I have to go with American Radiator Building. It's pretty much dead even for me, but I have to go with the 89 year old building that looks as good as a 7 year old building.

1-0.


----------



## ThatOneGuy (Jan 13, 2012)

Eclecticism: Radiator Building 2:0

Something just bothers me about the Hearst Building for some reason.


----------



## Alexenergy (May 10, 2011)

Sorry, guys, I'll ruin your unanimity and I'll be first, who does it 
My vote goes for Foster
1:2


----------



## bozenBDJ (Jul 18, 2012)

^^ Same case.

Hearst Tower ; 2:2


----------



## L.A.F.2. (Jun 26, 2012)

Ooh, looks like we've got a really good one on our hands.


----------



## TopWatch (Jun 21, 2008)

American Radiator Building


3:2


NYC - American Standard Building por wallyg, en Flickr​
Saludos!


----------



## cosmopolitan123 (Jul 9, 2013)

Without hesitation, American Radiator Building! 4:2

I'm happy to join the forum btw!


----------



## ThatOneGuy (Jan 13, 2012)

Welcome :cheers:


----------



## Core Rising (Jan 4, 2011)

American Radiator Building 4:2


----------



## L.A.F.2. (Jun 26, 2012)

^^ That's 5-2.


----------



## Kanto (Apr 23, 2011)

6-2 for Radiator :cheer:


----------



## L.A.F.2. (Jun 26, 2012)

Wow, these results have surprised me here!


----------



## ThatOneGuy (Jan 13, 2012)

Kanto said:


> 6-2 for Radiator :cheer:


Kanto voted the building with more ornament?


----------



## Dimethyltryptamine (Aug 22, 2009)

Hearst Tower for me.


----------



## L.A.F.2. (Jun 26, 2012)

Alright, that's 6-3.


----------



## L.A.F.2. (Jun 26, 2012)

ThatOneGuy said:


> Kanto voted the building with more ornament?


 
:rofl:

I know Kanto's always been a huge sucker for black, so that's what probably made him vote ARB. Glad to see you branching out Kanto!


----------



## Kanto (Apr 23, 2011)

^^ Radiator's ornamentation has a really massive and strong feel and I don't exactly like the corners of Hearst :cheers:


----------



## Hudson11 (Jun 23, 2011)

American Radiator building


----------



## L.A.F.2. (Jun 26, 2012)

Alright, that's 7-3.


----------



## tim1807 (May 28, 2011)

Live from San Francisco I make that 8-3.


----------



## eddie88 (Apr 3, 2007)

AR building for me! 9:3


----------



## L.A.F.2. (Jun 26, 2012)

Alright, that one's over. Would someone do a 40 Wall vs. 4 Times Square for me?

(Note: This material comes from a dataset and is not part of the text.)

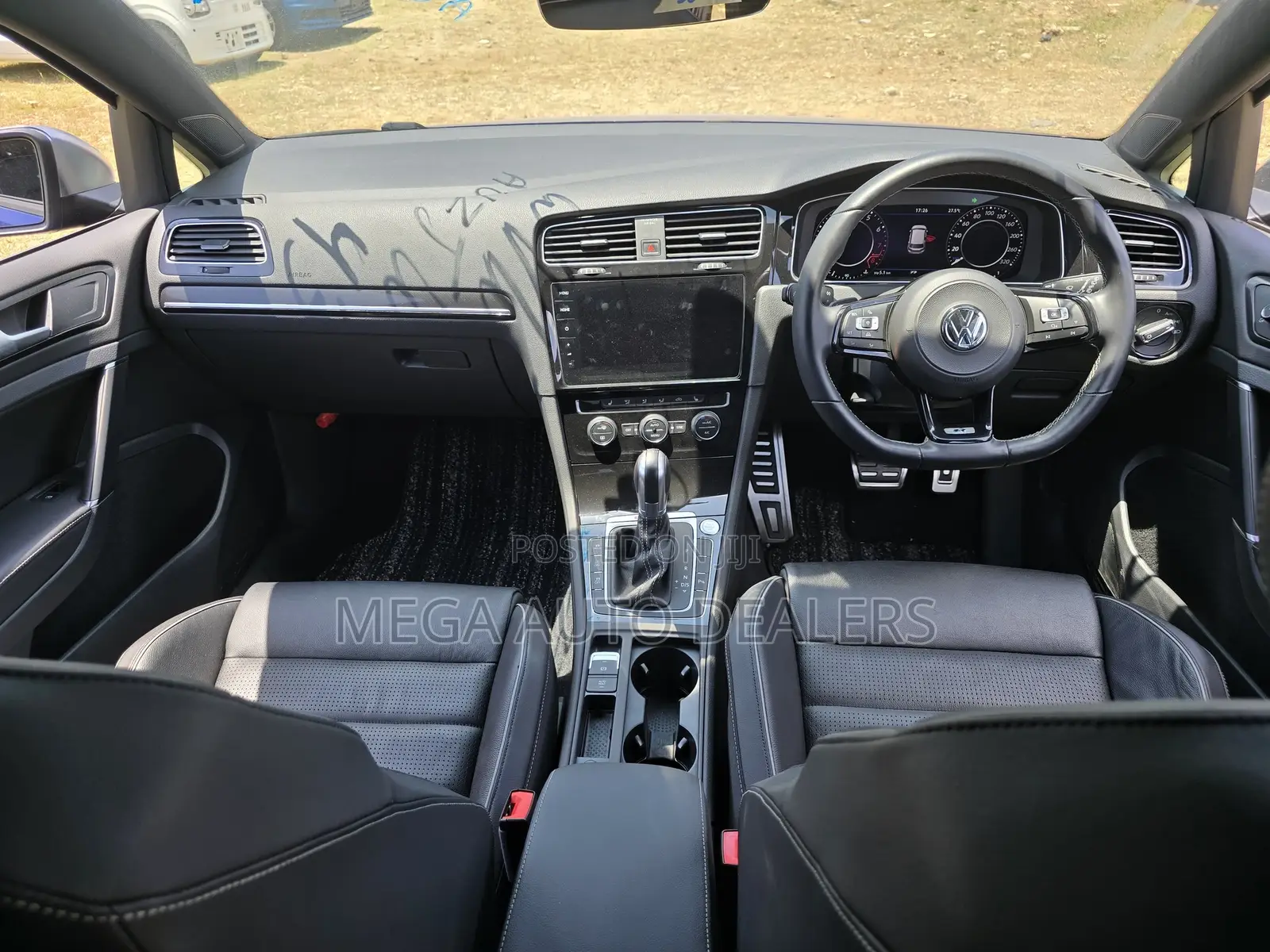 Volkswagen Golf R 4-Door w/DCC & Navigation 2019 Blue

By the way, I got to see both the buildings from the previous versus a few hours ago. Pics when I get back!


----------



## Kanto (Apr 23, 2011)

^^ Sure, here you go :cheers:

40 Wall Street










VS

4 Times Square










4 Times is way too chaotic with all the screens etc, so I go for 1:0 for 40 Wall Street :cheers:

........ and yeah, it's possibru :hilarious


----------



## Alexenergy (May 10, 2011)

40WS for sure 
2:0


----------



## L.A.F.2. (Jun 26, 2012)

Thanks Kanto.

I prefer Conde Nast. 2:1.

Saw both of these in the past 24 hours! :colgate:


----------



## Core Rising (Jan 4, 2011)

40 Wall Street

3-1


----------



## bozenBDJ (Jul 18, 2012)

40 Wall Street 

4 - 1


----------



## L.A.F.2. (Jun 26, 2012)

I'll explain why when I have time to.


----------



## TopWatch (Jun 21, 2008)

Uppppsss...


4-2

4 Times Square









Saludos!


----------



## Eric Offereins (Jan 1, 2004)

^^ that pic does it for me. 

40 Wall Street 

5 - 1


----------



## lakegz (Oct 23, 2003)

Tough one, I'll have to go for 4 Times Sq even though that box on top freaks me out sometimes. I've never been too fond of 40 Wall and much prefer 70 Pine street to it.


----------



## L.A.F.2. (Jun 26, 2012)

5-3.


----------



## LadyAmanita (Oct 10, 2012)

Conde nast fan here!


----------



## Kanto (Apr 23, 2011)

^^ So 5-4 now. Wow this is a close battle :horse:


----------



## L.A.F.2. (Jun 26, 2012)

I hope deconstructivism ultimately will pull off a big W.


----------



## Uaarkson (Feb 11, 2009)

The prince of art deco towers beats dazed and confused Conde Nasty any day of the week.

6-4 for 40 Wall!


----------



## ThatOneGuy (Jan 13, 2012)

40 Wall Street


----------



## DZH22 (Aug 9, 2009)

40 Wall for the win... next


----------



## Hudson11 (Jun 23, 2011)

40 wall street









40 Wall Street by Kerwin Moore on Flickr


----------



## L.A.F.2. (Jun 26, 2012)

Alright, will someone do the next one?


----------



## L.A.F.2. (Jun 26, 2012)

Next one.

Chrysler Building:









Trump Tower:









My guess is pretty predictable here, hahaha. 

Chrysler Building, 1-0.


----------



## ThatOneGuy (Jan 13, 2012)

Damn. I like them both the same. So, I will judge them by their interiors, which I heard were really tacky on the Trump, so Chrysler, I guess.


----------



## TopWatch (Jun 21, 2008)

Chrysler Building!!

2-0 o 3-0?


Saludos!


----------



## L.A.F.2. (Jun 26, 2012)

*3-0.*


----------



## bozenBDJ (Jul 18, 2012)

Chrysler Building .

4 - 0


----------



## L.A.F.2. (Jun 26, 2012)

Let's keep it going, guys.


----------



## Kiboko (Nov 30, 2011)

ThatOneGuy said:


> Damn. I like them both the same. So, I will judge them by their interiors, which I heard were really tacky on the Trump, so Chrysler, I guess.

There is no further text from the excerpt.